We were very protective about bottling all our Macduff 1997 butt and, as we already mentioned last year, it’s also really exciting to study how this multi-faceted spirit evolves over time. So after another year of ageing in the same cask, naturally with a little more breathing space, we bring you once again a whisky that’s still a rapid volata and a marriage of opposites: Scottish Angus roast beef and Vignola cherries; it’s like finding unexpected sweetness in a supposedly sour fruit.

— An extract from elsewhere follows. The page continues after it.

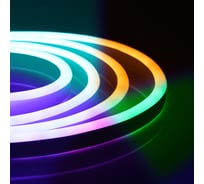 Лента светодиодная FERON 72SMD(5050)/м 8Вт/м 220V IP67 50м, RGB, LS72 51975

The austerity of this very “beefy” single malt mingles with the pungent sweetness of the sherry cask. There are more developed, slightly rounder tones and scents compared to the previous bottling. On the nose, sulphur notes veil the myriad facets that this spirit releases. Then, opening up, it re - veals slightly salty and perfumed tones then lastly, and rather surprisingly, pronounced sweetness on the palate, as juicy as any May fruits. Next come scents of snuffed out matches and thermal fumaroles. We’re treated to a series of sharp and, at the same time, oily aromas. Impressions that are at once confuted in the mouth.
The sweet tones quickly join together and the most persistent ones then linger, more as an after-taste. Dried fruit and quince prove that, yes indeed, opposites do attract and oddly enough complement one another, here in a harmonious blend of virtually-forgotten tones and sensations.